> [AIM OF THE EXERCISE]: Where the line with "ヴェルファイア 30系/AGH30W/AGH35W/GGH30W/GGH35W/AYH30W 純正" appears below, start writing out lines exactly, and finish with the line with "Betsey Johnson Floral", which is included; write out nothing else.

> [THE INPUT]:
*** Begin section ***
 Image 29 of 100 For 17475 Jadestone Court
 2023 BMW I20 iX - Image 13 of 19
*** End section ***
*** Begin section ***
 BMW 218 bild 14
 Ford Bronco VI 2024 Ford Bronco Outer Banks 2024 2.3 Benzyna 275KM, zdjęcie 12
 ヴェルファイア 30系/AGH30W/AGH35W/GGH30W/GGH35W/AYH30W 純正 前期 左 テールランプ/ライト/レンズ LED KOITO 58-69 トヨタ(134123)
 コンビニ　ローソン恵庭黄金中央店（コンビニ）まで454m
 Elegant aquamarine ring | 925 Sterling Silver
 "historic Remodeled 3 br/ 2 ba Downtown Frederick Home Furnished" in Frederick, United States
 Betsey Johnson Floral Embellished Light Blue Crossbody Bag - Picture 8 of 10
*** End section ***
> [SOLUTION TO THE EXERCISE]:
 ヴェルファイア 30系/AGH30W/AGH35W/GGH30W/GGH35W/AYH30W 純正 前期 左 テールランプ/ライト/レンズ LED KOITO 58-69 トヨタ(134123)
 コンビニ　ローソン恵庭黄金中央店（コンビニ）まで454m
 Elegant aquamarine ring | 925 Sterling Silver
 "historic Remodeled 3 br/ 2 ba Downtown Frederick Home Furnished" in Frederick, United States
 Betsey Johnson Floral Embellished Light Blue Crossbody Bag - Picture 8 of 10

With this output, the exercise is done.